The most straight forward solution would be to insert a popcount into the loop, which branches if a code word has the wrong weight. Sadly this is far to expensive in my setting: n = 45-50 and k = 15-18.

Answer 1

I'm not sure this is what you're looking for but let's give it a try...

The ith element of the code is calculated using the formula you mentioned: G[i] = i ^ (i >> 1). Another feature of the Gray code is that any element is different from the previous one in a single place, therefore the bitwise xor operation between an element G[i] and its predecessor G[i-1], will result in a single bit being equal to one, at the position d at which the two element are different from each other. For instance G[i] ^ G[i-1] = 0101 ^ 0111 = 0010. Now the bitwise and operation between this result and the element G[i], will give 0 only if G[i] has a 0 at position d, otherwise the result will be equal to 2 ^ d, with d starting from 0. So, if (G[i] ^ G[i-1]) & G[i] == 0 it means that at the only place the two elements differ, G[i] has a 0 instead of a 1 and therefore its Hamming weight is 1 less than the one of G[i-1]. On the other hand if (G[i] ^ G[i-1]) & G[i] != 0, the Hamming weight of G[i] is 1 more than the one of G[i-1]. In order to know the Hamming weight of an element you just have to keep track of the weight of the previous elements. Starting from 0 and adding or subtracting 1 each time based on the result of (G[i] ^ G[i-1]) & G[i]. Hopefully this is somewhat comprehensible...

At a first glance I would say that this should perform better than the version using popcount but it may also depend on how operations are implemented both in software and hardware.
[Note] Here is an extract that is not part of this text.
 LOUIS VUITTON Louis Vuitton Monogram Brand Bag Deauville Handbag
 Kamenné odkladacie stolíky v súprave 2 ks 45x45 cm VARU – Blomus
I'm not particularly expert in this regard.

Here is the code:

#include <stdio.h>
#include <stdint.h>

void printBinary(uint64_t number);   // function for printing the variable in binary

int main()
{
    int k = 18;       // max Hamming weight
    int iter = 1000;  // number of codes to check

    uint64_t Gnew = 0;
    uint64_t Gold = 0;

    int i = 0;
    int count = 0;   // counter holding the Hamming weight of the current element

    printBinary(Gold);   // print the first element (0)

    for (i = 1; i < iter; i++){

        Gnew = i ^ (i >> 1);   // generate the ith element of the Gray code

        if (((Gnew ^ Gold) & Gnew) != 0){   // checks if the new element has one 1 more than the previous
            count++;                        // and increases the counter
        }else{          // or has one 1 less
            count--;    // and decreases the counter
        }
        if(count <= k){    // if element has weight smaller or equal to k print the element
            printBinary(Gnew);
        }

        Gold = Gnew;
    }

    return 0;
}

void printBinary(uint64_t number)    // from https://stackoverflow.com/questions/47326588/c-print-unsigned-int-in-a-binary-base
                                     // with some modifications
{
    int i;

    for(i = 63; i >= 0; i--){
        if(number >> i & 0x1){
                putchar('1');
        }else{
            putchar('0');
        }
    }

    putchar('\n');

    return;
}